The ministeriales elsewhere, too, ceased to be the dependable servants that they once had been. Many free nobles voluntarily joined their ranks, and the knights thus assimilated the rights of the free aristocracy. They became the governing class of the territorial principalities, the standing councillors of their masters, whose household offices and local justice they monopolized and held in fee for many generations. Without the consent of this territorial nobility, the princes could neither tax nor legislate. Even the less important ministeriales, who only administered manors for their lords, became entrenched as hereditary bailiffs, keeping surplus produce for themselves and usurping seignorial dues, so that it paid the owners to commute the labor services of their villeins into money rents and to lease out those portions of the demesne that the unfree peasants had cultivated for them. Even then, however, the hereditary officials could not be easily dislodged. Finally, the ambitions of the princes themselves did not aim above the patrimonial policies of the past. They were acquisitive and attempted to build up their territories by usurpation, inheritance, marriage treaties, and escheats. They also tried, where possible, to administer their lands with officials whom they could depose at will. Yet they did so not to found sovereign states but chiefly to provide for their families. Again and again, they divided their dominions among sons, who, in turn, founded cadet lines and set them up on a fraction of the principality.

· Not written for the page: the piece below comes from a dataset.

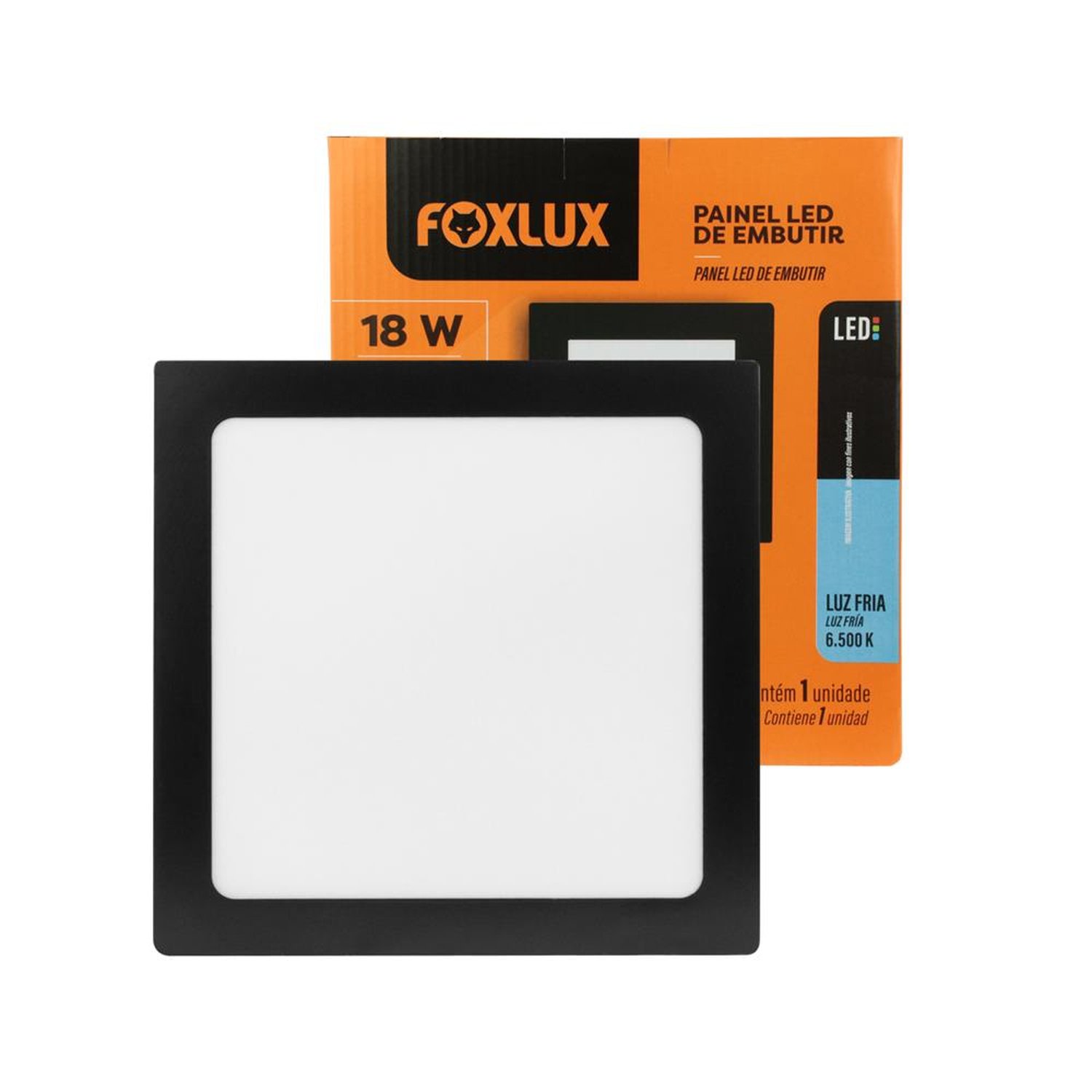 Painel Led 21,8Cm X 21,8Cm Quadrado Preto Embutir 18W 6500K Foxlux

By 1250 there was thus no really effective central authority left in Germany. The prince-bishoprics had become fiercely contested prizes between neighboring dynasties, themselves often vassals of the bishopric. But constant feuds, disorder, and insecurity did not, by any means, frustrate the immense energies of the Germans in the 13th century. Eastward expansion continued under the leadership of the princes and, above all, of the Knights of the Teutonic Order. Their advance into Prussia went hand in hand with the opening up of the Baltic by the merchants of Lübeck. It is possible that three centuries of complete security from foreign invasion made it unnecessary for the German aristocracy to learn the virtues of political self-discipline and subordination. Still, it would be a great mistake to judge Hohenstaufen Germany solely by its failure to achieve political and administrative unity.

K.J. Leyser

Germany from 1250 to 1493

1250 to 1378

The extinction of the Hohenstaufen dynasty

The death of Frederick II in 1250 and of his son Conrad IV in 1254 heralded the irreversible decline of Hohenstaufen power in Germany and in the conjoint kingdoms of Naples and Sicily. Conrad’s infant son Conradin, heir to Naples and Sicily, remained in Germany under the guardianship of his Bavarian mother. His uncle Manfred seized the reins of government in both Italian kingdoms and in 1258 formally supplanted Conradin by engineering his own coronation in Palermo. Manfred’s defiance of papal claims to suzerainty over the kingdoms impelled the French-born Pope Urban IV to grant them to Charles of Anjou, brother of Louis IX of France. Papal taxation of the French clergy and loans from Florentine bankers enabled Charles to raise a large mercenary army for an expedition to Italy. Manfred, deserted by his barons, was defeated and slain near Benevento in 1266. Conradin then rallied his German supporters and led them across the Alps. But Conradin’s financial resources were inadequate; unpaid troops deserted, and his depleted following was routed by Charles near Tagliacozzo (1268). Conradin was captured as he fled toward Rome, convicted of lèse-majesté (a form of treason), and beheaded in the public square at Naples.